_WHAT YOU HAVE TO DO:_
Every entry must appear in the output exactly as it does here.

_SOURCE DATA:_
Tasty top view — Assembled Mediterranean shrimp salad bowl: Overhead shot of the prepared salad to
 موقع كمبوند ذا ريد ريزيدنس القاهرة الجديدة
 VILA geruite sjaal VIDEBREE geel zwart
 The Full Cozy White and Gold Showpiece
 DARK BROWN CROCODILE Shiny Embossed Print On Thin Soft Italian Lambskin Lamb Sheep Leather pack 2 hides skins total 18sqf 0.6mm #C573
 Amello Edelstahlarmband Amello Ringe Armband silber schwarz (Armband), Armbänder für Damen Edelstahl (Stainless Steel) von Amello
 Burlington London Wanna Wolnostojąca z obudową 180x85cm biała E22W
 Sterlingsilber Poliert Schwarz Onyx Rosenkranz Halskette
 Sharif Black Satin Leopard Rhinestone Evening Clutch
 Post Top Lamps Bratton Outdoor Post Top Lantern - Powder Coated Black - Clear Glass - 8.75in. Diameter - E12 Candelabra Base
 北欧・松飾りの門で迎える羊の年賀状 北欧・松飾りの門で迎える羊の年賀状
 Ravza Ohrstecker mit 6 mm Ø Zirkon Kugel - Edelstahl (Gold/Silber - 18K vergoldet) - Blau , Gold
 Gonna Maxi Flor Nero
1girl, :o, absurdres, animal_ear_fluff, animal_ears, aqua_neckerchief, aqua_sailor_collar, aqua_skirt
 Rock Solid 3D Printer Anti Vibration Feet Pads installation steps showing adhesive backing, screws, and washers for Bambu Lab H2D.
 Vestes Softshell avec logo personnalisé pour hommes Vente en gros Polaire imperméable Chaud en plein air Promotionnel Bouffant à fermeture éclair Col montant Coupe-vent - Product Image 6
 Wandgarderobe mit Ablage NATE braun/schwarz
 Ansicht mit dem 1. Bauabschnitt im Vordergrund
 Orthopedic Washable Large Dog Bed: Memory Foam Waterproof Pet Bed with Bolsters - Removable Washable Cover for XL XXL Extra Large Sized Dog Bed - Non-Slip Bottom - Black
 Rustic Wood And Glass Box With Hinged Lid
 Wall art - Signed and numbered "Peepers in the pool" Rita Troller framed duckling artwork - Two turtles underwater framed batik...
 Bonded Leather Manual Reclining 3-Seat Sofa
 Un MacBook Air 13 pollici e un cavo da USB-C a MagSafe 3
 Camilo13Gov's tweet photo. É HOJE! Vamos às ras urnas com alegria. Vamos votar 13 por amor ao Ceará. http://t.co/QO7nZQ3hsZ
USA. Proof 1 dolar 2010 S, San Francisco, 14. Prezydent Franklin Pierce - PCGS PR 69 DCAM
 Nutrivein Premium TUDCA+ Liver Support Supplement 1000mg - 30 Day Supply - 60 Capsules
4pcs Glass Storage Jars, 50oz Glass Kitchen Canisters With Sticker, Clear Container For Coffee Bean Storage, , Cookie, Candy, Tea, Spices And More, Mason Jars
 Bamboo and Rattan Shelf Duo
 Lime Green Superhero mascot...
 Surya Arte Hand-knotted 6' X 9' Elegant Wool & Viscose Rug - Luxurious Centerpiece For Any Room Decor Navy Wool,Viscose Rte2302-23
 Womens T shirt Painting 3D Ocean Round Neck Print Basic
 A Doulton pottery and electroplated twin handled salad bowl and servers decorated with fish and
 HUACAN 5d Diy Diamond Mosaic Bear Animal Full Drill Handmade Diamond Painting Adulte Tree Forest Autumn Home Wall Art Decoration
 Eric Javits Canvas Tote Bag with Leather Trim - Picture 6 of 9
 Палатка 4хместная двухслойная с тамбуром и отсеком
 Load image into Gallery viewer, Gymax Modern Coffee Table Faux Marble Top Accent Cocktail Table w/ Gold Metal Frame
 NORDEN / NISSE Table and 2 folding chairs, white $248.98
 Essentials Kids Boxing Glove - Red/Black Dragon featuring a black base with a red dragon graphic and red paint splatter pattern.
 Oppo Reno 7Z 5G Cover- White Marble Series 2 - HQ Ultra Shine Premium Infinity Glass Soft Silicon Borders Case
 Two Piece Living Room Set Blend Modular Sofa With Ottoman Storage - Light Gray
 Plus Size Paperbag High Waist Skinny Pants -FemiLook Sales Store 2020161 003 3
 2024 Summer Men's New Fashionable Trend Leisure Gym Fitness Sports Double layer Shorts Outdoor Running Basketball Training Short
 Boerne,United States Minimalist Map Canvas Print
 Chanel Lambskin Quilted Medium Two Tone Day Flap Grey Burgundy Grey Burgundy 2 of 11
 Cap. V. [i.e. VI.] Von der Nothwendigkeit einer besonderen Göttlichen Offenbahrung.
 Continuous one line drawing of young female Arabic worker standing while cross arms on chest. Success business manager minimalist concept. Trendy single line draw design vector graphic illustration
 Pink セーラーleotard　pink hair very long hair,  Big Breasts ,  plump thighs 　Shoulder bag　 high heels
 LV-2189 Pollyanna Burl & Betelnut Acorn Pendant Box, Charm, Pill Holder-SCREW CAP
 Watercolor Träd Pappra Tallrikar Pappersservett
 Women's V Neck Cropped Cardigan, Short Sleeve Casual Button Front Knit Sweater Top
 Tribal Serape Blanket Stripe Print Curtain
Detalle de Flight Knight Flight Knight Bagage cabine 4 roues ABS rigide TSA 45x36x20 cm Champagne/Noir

_FINISHED EXERCISE:_
Tasty top view — Assembled Mediterranean shrimp salad bowl: Overhead shot of the prepared salad to
 موقع كمبوند ذا ريد ريزيدنس القاهرة الجديدة
 VILA geruite sjaal VIDEBREE geel zwart
 The Full Cozy White and Gold Showpiece
 DARK BROWN CROCODILE Shiny Embossed Print On Thin Soft Italian Lambskin Lamb Sheep Leather pack 2 hides skins total 18sqf 0.6mm #C573
 Amello Edelstahlarmband Amello Ringe Armband silber schwarz (Armband), Armbänder für Damen Edelstahl (Stainless Steel) von Amello
 Burlington London Wanna Wolnostojąca z obudową 180x85cm biała E22W
 Sterlingsilber Poliert Schwarz Onyx Rosenkranz Halskette
 Sharif Black Satin Leopard Rhinestone Evening Clutch
 Post Top Lamps Bratton Outdoor Post Top Lantern - Powder Coated Black - Clear Glass - 8.75in. Diameter - E12 Candelabra Base
 北欧・松飾りの門で迎える羊の年賀状 北欧・松飾りの門で迎える羊の年賀状
 Ravza Ohrstecker mit 6 mm Ø Zirkon Kugel - Edelstahl (Gold/Silber - 18K vergoldet) - Blau , Gold
 Gonna Maxi Flor Nero
1girl, :o, absurdres, animal_ear_fluff, animal_ears, aqua_neckerchief, aqua_sailor_collar, aqua_skirt
 Rock Solid 3D Printer Anti Vibration Feet Pads installation steps showing adhesive backing, screws, and washers for Bambu Lab H2D.
 Vestes Softshell avec logo personnalisé pour hommes Vente en gros Polaire imperméable Chaud en plein air Promotionnel Bouffant à fermeture éclair Col montant Coupe-vent - Product Image 6
 Wandgarderobe mit Ablage NATE braun/schwarz
 Ansicht mit dem 1. Bauabschnitt im Vordergrund
 Orthopedic Washable Large Dog Bed: Memory Foam Waterproof Pet Bed with Bolsters - Removable Washable Cover for XL XXL Extra Large Sized Dog Bed - Non-Slip Bottom - Black
 Rustic Wood And Glass Box With Hinged Lid
 Wall art - Signed and numbered "Peepers in the pool" Rita Troller framed duckling artwork - Two turtles underwater framed batik...
 Bonded Leather Manual Reclining 3-Seat Sofa
 Un MacBook Air 13 pollici e un cavo da USB-C a MagSafe 3
 Camilo13Gov's tweet photo. É HOJE! Vamos às ras urnas com alegria. Vamos votar 13 por amor ao Ceará. http://t.co/QO7nZQ3hsZ
USA. Proof 1 dolar 2010 S, San Francisco, 14. Prezydent Franklin Pierce - PCGS PR 69 DCAM
 Nutrivein Premium TUDCA+ Liver Support Supplement 1000mg - 30 Day Supply - 60 Capsules
4pcs Glass Storage Jars, 50oz Glass Kitchen Canisters With Sticker, Clear Container For Coffee Bean Storage, , Cookie, Candy, Tea, Spices And More, Mason Jars
 Bamboo and Rattan Shelf Duo
 Lime Green Superhero mascot...
 Surya Arte Hand-knotted 6' X 9' Elegant Wool & Viscose Rug - Luxurious Centerpiece For Any Room Decor Navy Wool,Viscose Rte2302-23
 Womens T shirt Painting 3D Ocean Round Neck Print Basic
 A Doulton pottery and electroplated twin handled salad bowl and servers decorated with fish and
 HUACAN 5d Diy Diamond Mosaic Bear Animal Full Drill Handmade Diamond Painting Adulte Tree Forest Autumn Home Wall Art Decoration
 Eric Javits Canvas Tote Bag with Leather Trim - Picture 6 of 9
 Палатка 4хместная двухслойная с тамбуром и отсеком
 Load image into Gallery viewer, Gymax Modern Coffee Table Faux Marble Top Accent Cocktail Table w/ Gold Metal Frame
 NORDEN / NISSE Table and 2 folding chairs, white $248.98
 Essentials Kids Boxing Glove - Red/Black Dragon featuring a black base with a red dragon graphic and red paint splatter pattern.
 Oppo Reno 7Z 5G Cover- White Marble Series 2 - HQ Ultra Shine Premium Infinity Glass Soft Silicon Borders Case
 Two Piece Living Room Set Blend Modular Sofa With Ottoman Storage - Light Gray
 Plus Size Paperbag High Waist Skinny Pants -FemiLook Sales Store 2020161 003 3
 2024 Summer Men's New Fashionable Trend Leisure Gym Fitness Sports Double layer Shorts Outdoor Running Basketball Training Short
 Boerne,United States Minimalist Map Canvas Print
 Chanel Lambskin Quilted Medium Two Tone Day Flap Grey Burgundy Grey Burgundy 2 of 11
 Cap. V. [i.e. VI.] Von der Nothwendigkeit einer besonderen Göttlichen Offenbahrung.
 Continuous one line drawing of young female Arabic worker standing while cross arms on chest. Success business manager minimalist concept. Trendy single line draw design vector graphic illustration
 Pink セーラーleotard　pink hair very long hair,  Big Breasts ,  plump thighs 　Shoulder bag　 high heels
 LV-2189 Pollyanna Burl & Betelnut Acorn Pendant Box, Charm, Pill Holder-SCREW CAP
 Watercolor Träd Pappra Tallrikar Pappersservett
 Women's V Neck Cropped Cardigan, Short Sleeve Casual Button Front Knit Sweater Top
 Tribal Serape Blanket Stripe Print Curtain
Detalle de Flight Knight Flight Knight Bagage cabine 4 roues ABS rigide TSA 45x36x20 cm Champagne/Noir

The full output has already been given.